**TASK DETAILS:** Please output the entries below from the line that contains "TNM Classification of Malignant" through the final line, reproduced exactly and alone.

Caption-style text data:

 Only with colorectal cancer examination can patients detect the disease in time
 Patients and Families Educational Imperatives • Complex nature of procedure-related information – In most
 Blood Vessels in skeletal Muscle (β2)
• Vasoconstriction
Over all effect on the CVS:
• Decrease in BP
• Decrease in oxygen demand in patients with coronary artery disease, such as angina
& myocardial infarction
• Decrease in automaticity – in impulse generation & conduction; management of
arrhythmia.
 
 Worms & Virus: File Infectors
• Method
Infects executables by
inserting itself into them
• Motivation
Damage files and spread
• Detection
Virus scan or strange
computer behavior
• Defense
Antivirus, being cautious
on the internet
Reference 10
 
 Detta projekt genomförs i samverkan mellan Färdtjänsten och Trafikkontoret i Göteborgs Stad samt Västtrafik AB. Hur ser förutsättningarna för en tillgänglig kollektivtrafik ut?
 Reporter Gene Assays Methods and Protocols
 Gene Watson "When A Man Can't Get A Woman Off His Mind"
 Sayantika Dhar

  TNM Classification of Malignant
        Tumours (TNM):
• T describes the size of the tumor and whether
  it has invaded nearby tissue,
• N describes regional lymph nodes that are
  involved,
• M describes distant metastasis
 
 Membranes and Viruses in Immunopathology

**YOUR RESPONSE:**
  TNM Classification of Malignant
        Tumours (TNM):
• T describes the size of the tumor and whether
  it has invaded nearby tissue,
• N describes regional lymph nodes that are
  involved,
• M describes distant metastasis
 
 Membranes and Viruses in Immunopathology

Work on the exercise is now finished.